Configuration
Spatial-VTK can read one project configuration file so your notebooks,
scripts, and CLI commands do not need long path lists or repeated settings.
Use it for project paths, output folders, named map bounds, metric choices,
synthetic frequency limits, waveform preprocessing, and defaults you want to
reuse across workflows.
The top-level sections are the defaults for your project. Optional
run_scenarios let you reuse a focused set of overrides for a particular
analysis without editing the main config.
Start With This Example
Save a config file such as spatial-vtk.yaml in your project folder, then
edit the paths and settings for your data. The comments in this example are
meant to show what each section is for.
The downloadable example includes a tutorial run scenario that points at
the lightweight LA Basin metadata committed in data/examples/. That
scenario still expects you to download or generate the companion waveform
bundle before you run the full notebooks.
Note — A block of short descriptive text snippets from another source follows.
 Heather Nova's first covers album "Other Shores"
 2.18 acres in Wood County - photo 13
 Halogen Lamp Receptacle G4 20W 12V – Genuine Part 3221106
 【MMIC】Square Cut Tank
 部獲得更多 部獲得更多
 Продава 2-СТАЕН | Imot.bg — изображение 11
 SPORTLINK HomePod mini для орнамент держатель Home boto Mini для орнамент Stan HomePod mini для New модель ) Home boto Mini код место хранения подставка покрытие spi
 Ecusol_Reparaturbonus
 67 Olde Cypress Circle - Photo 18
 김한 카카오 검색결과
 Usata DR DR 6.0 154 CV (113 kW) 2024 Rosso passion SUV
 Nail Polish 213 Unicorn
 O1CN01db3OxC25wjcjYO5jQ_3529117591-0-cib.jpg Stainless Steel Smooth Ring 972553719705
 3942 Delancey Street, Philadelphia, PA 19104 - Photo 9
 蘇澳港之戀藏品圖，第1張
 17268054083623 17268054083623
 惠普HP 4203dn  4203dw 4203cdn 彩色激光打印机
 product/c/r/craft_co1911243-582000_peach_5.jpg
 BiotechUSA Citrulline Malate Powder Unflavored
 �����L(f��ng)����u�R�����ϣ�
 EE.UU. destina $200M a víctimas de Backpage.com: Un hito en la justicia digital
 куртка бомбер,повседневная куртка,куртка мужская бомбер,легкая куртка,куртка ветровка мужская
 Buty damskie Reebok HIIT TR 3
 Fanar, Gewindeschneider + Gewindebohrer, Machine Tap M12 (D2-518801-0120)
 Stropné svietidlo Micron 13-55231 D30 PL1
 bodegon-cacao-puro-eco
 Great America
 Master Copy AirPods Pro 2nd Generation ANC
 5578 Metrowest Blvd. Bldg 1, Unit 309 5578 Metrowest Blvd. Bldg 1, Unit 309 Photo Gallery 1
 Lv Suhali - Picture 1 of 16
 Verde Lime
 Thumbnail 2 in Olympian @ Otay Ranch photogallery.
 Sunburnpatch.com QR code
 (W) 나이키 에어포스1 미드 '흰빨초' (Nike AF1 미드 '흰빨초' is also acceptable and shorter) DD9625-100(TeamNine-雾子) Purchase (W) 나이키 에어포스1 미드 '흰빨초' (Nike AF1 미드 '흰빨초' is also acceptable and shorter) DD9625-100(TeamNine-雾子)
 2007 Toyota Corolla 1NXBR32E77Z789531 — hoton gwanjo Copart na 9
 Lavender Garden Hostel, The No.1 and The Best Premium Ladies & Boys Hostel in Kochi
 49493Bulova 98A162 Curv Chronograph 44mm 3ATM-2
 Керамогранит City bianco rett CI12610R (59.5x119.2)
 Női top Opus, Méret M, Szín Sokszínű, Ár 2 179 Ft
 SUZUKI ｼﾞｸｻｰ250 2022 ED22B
Download example_spatial_vtk_config.yaml
# PROJECT
# Give this workflow a name and set the project root. Relative paths below are
# resolved from the directory that contains this config file unless you use
# {root_dir} or {config_dir} explicitly.
project:
name: example_ground_motion_validation
root_dir: ../../..
# PATHS
# Point Spatial-VTK to the input files you already have on disk.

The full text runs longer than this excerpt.